Louisiana Attorney General Charles C. Foti Jr. accused Sal and Mabel Mangano, owners of St. Rita's nursing home where the tragedy occurred, of negligent homicide.

In Flood of Lies: The St. Rita's Nursing Home Tragedy (Pelican, 2013), James A. Cobb Jr. tells the wrenching story of his successful legal defense of the Manganos. The book also is Cobb's personal story of the demons with which he wrestled after the Katrina flood destroyed his own house and uprooted his family. Cobb is a 1974 College of Arts & Sciences and 1978 Law School graduate of Tulane University. He is the former longtime co-director of the the trial advocacy program at Tulane Law School.

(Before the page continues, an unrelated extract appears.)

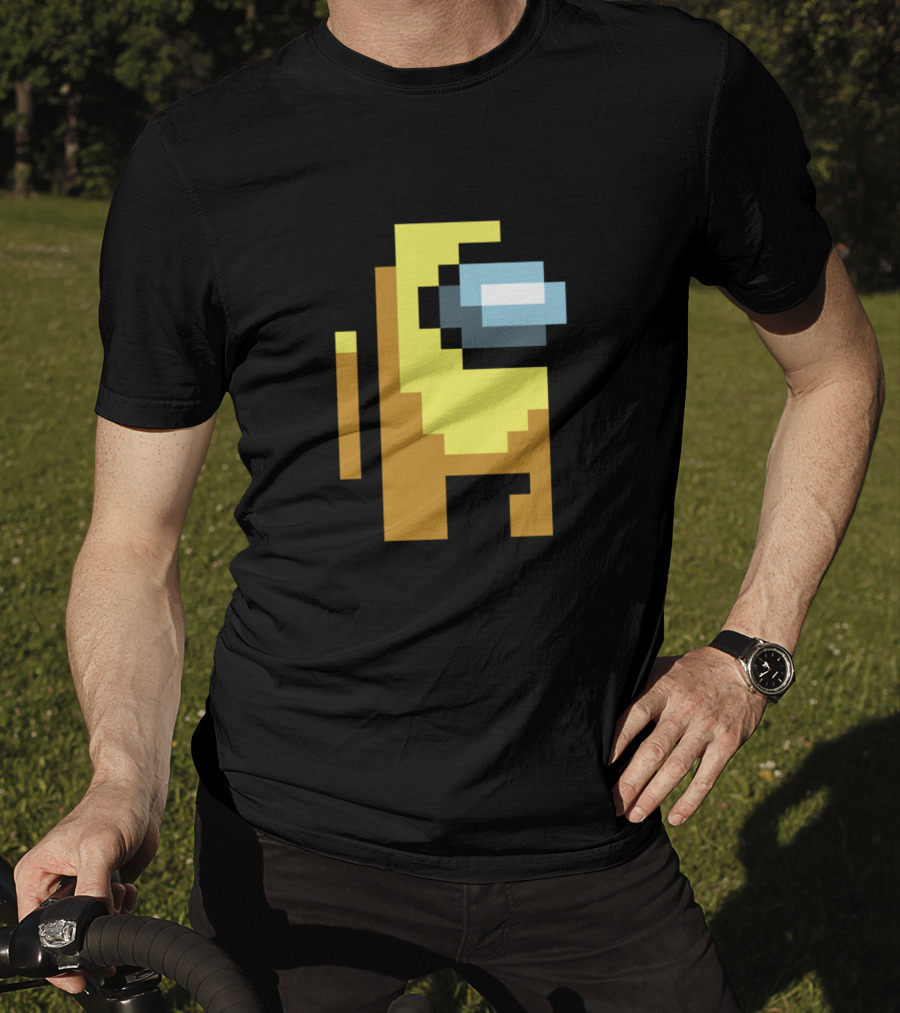 Among Us Yellow Character Pixel Art Crewmate T-Shirt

In the Manganos' jury trial, held in 2007 in St. Francisville, La., 100 miles away from where the flood occurred, Cobb and his defense team shifted the blame for the St. Rita's residents' deaths to the government, especially the Army Corps of Engineers and local and state officials who failed to issue a mandatory evacuation before the hurricane struck.

Cobb says that his decision to take on the defense of the Manganos — the little guys — goes back to a youthful dream of his to help the oppressed and helpless. As Cobb became busy with his career in maritime, insurance defense and corporate law, he had become separated from that dream.

But then Katrina happened. “Everyone is broken by life, but sometimes we get stronger in the broken places. Katrina shattered our lives along with hundreds of thousands of other lives,” writes Cobb. “In taking up the defense of the Manganos, I got stronger in the broken places.”